My high school class celebrated its thirtieth reunion last week. I didn't go to the festivities at the school, but I attended a cocktail party at a private home, and I was delighted to see all my classmates. I went to an all-girls' independent school in Manhattan, so the gathering was exclusively female. There were forty-one of us in the graduating class, but we include in our reunions anyone who was a part of the class at any point, and that encompasses about fifty women in all.
I'm not going to lie and say that we were all the best of friends back then. We had our squabbles and our cliques and our difficulties, like any group of teenaged girls. What pleases me now is the sense I get that, having reached midlife, we are all friends. We're like sisters; we can criticize each other, but as against outsiders, we will defend each other to the death.
I arrived at the cocktail party drenched, as I had walked through Union Square in the rain without a coat or umbrella. (I haven't really matured that much in that regard since twelfth grade. I still do the quintessential New York squint-and-dash, which my mother used to call "dodging the raindrops.") I was greeted at the door by a classmate who quickly poured me a glass of wine. I looked around the room and was instantly calm; I knew exactly who everyone was. No one had changed so much that I didn't remember her, or didn't know her name. They were all there, these old friends, and they hugged me warmly, not caring about my frizzy hair and damp sweater.
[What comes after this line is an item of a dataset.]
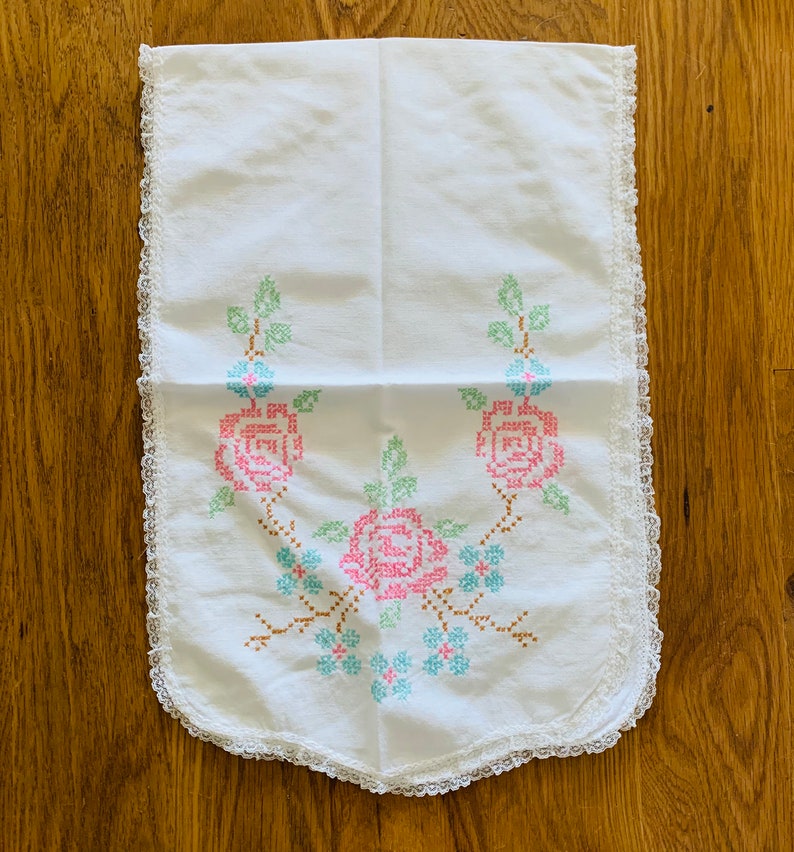Vintage Embroidered Linens Dresser Scarves Table Runners Etsy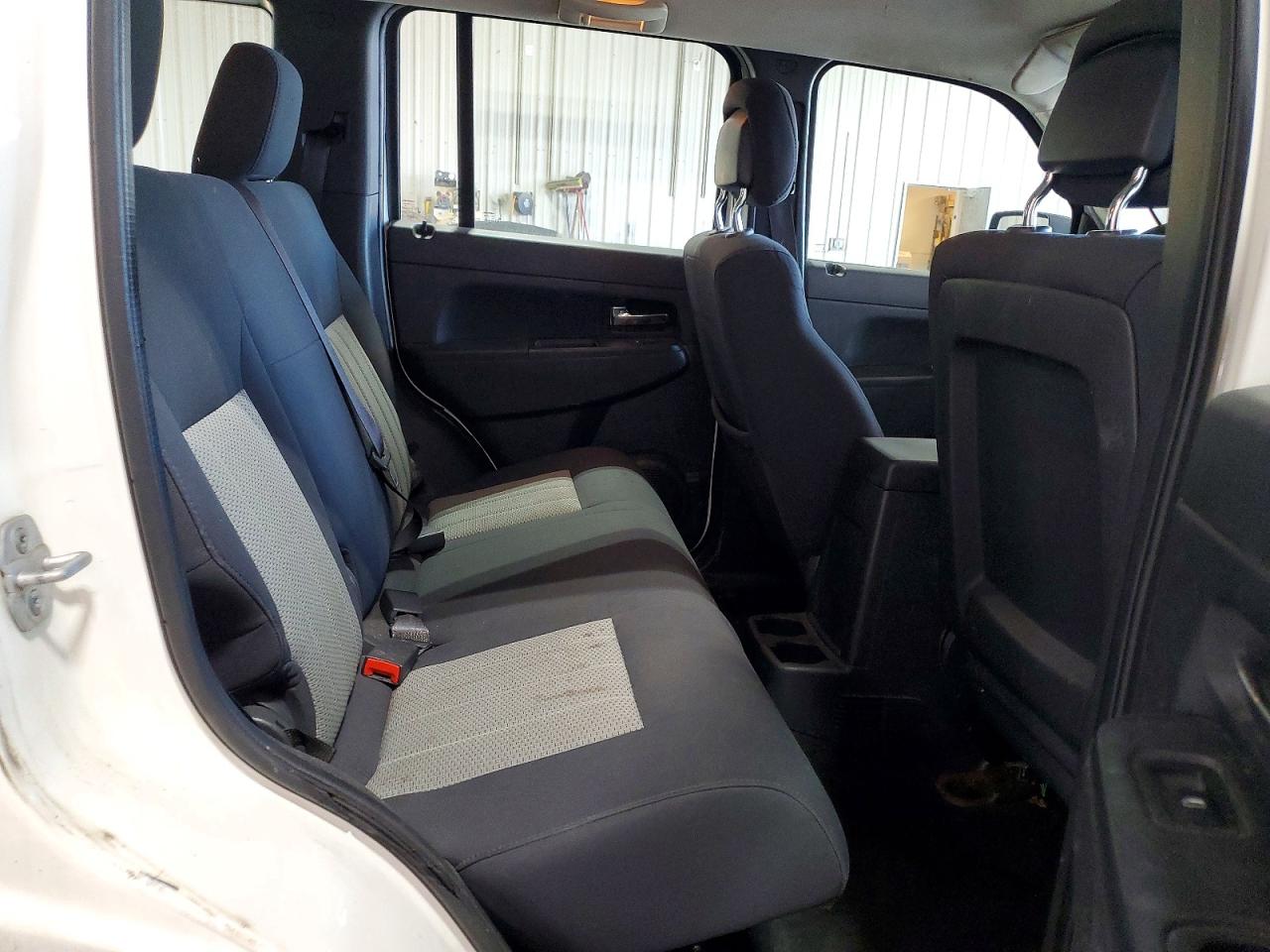 2010 Jeep Liberty Sport White vin: 1J4PN2GK8AW145394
Some of us are still married (or married again), and some are divorced. Many never married. The group included both mothers and women who never had children; among the mothers, some had college-aged children and some had children who are still quite young. In addition to having handled pretty complicated private lives, every single one of these women is professionally accomplished in some way. Artists, musicians, writers, doctors, executives, teachers, scientists - you name it, and there's one in the group. In chatting with them, though, I heard a recurring theme: in our mid-forties, we all feel like we are at a turning point, either personally or professionally, and we aren't sure about what comes next.
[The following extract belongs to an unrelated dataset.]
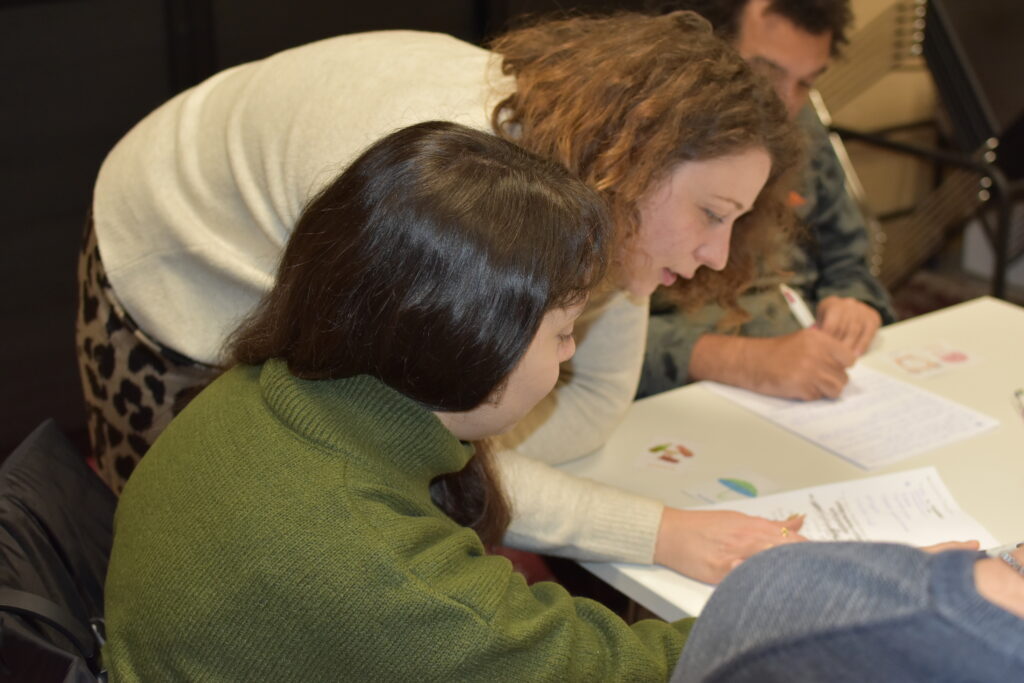 Hayva Wernert qui conseille une participante pendant l'atelier.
I had an English teacher in high school that I didn't like particularly at the time. She called me out once on writing a first draft of a paper about a book I hadn't read; my cocky sixteen-year-old self was supremely annoyed at her power of perception and her insistence on confronting me about it. (She ended up giving me an extra week to read the book and resubmit the paper, and she didn't penalize me. Having been found out was punishment enough, and I learned the lesson.)
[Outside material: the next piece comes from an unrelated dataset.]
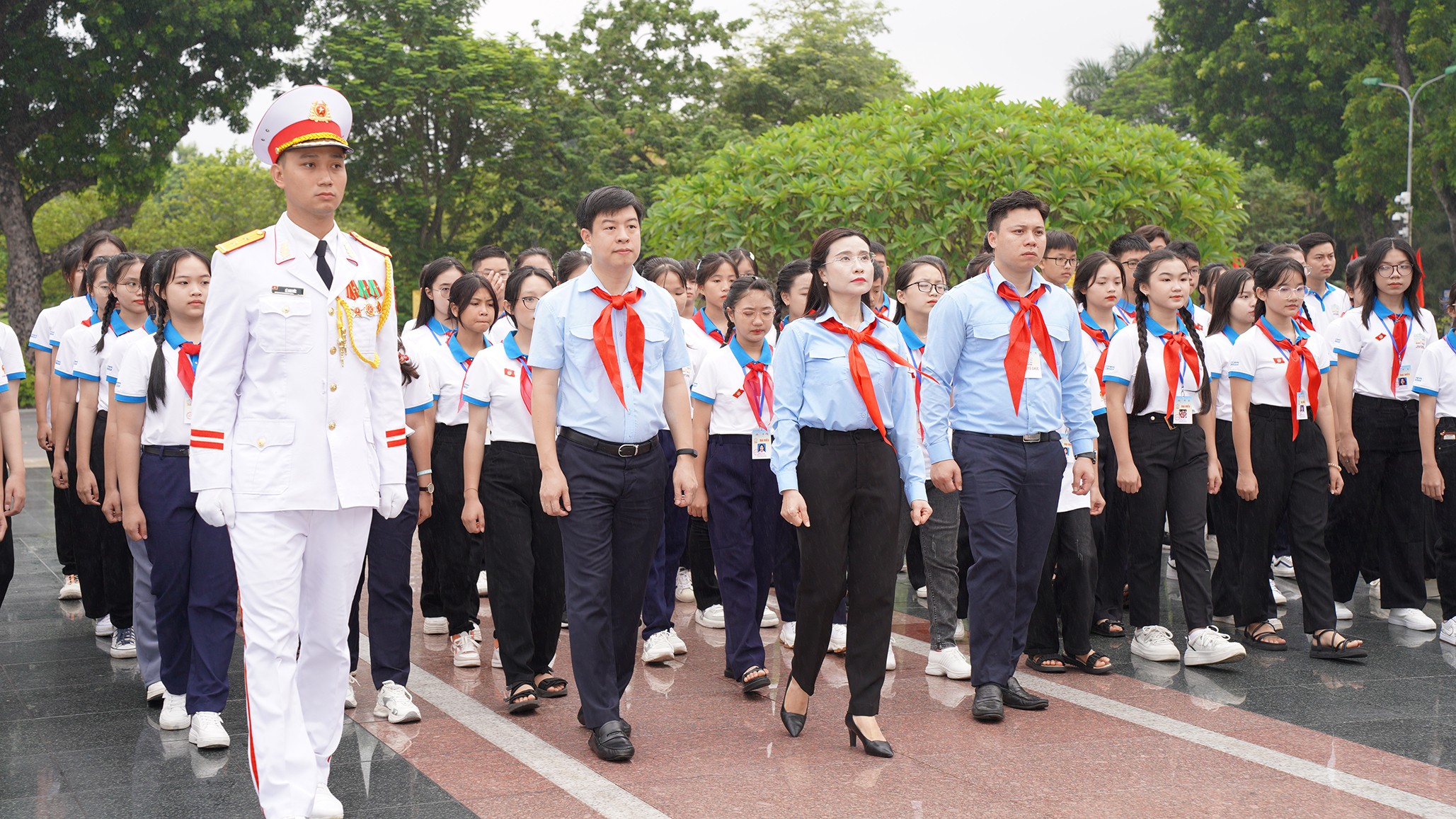 Đoàn đại biểu gồm các đồng chí thường trực Hội đồng Đội Trung ương, 40 đại biểu thiếu nhi nòng cốt, 32 đại biểu thiếu nhi đại diện các tỉnh thành và 9 đồng chí phụ trách đoàn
That same teacher, in a conversation I had with her years later at a school-related event, listened to my tale about leaving the workforce to care for my small children, and my doubt as to whether I had done the right thing. She responded with something I would never forget.
Women, she told me, live their lives in cycles. We are designed that way. Everything about us follows a curving path: our bodies, our careers, our thoughts and perceptions. We start out in one direction, pursue it to a turning point, and then cycle back. When we cycle back, we sometimes think we have lost ground, but in fact we have covered more territory than our male counterparts, who tend to live their lives in a more linear fashion. To someone with less acute perception, we don't seem to be making forward progress, but later in our lives, having accomplished so much - relationships, families, careers, and other contributions to the world - we can be astounded at how far we have actually traveled.
At the reunion last week, I repeated this wisdom to one of my classmates, a beautiful woman in her mid-forties who, having given up a career as an accomplished and acclaimed musician to raise her sons, is now wondering what comes next. She e-mailed me the next morning to thank me. I know she can accomplish anything she wants to accomplish, whether that includes putting out another album, taking up some other form of art, or waiting until her young men are fully grown to begin cycling around again. Many paths are available to her, and the choice is exclusively hers.
I went home after the party - dodging the raindrops again - with the profound conviction that we are all at a turning point in this particular cycle, a cycle we have traveled both together and apart. I am very, very eager to see what comes next, and I am going to try to stay in touch with my classmates so that I can witness the rest of the journey in real time.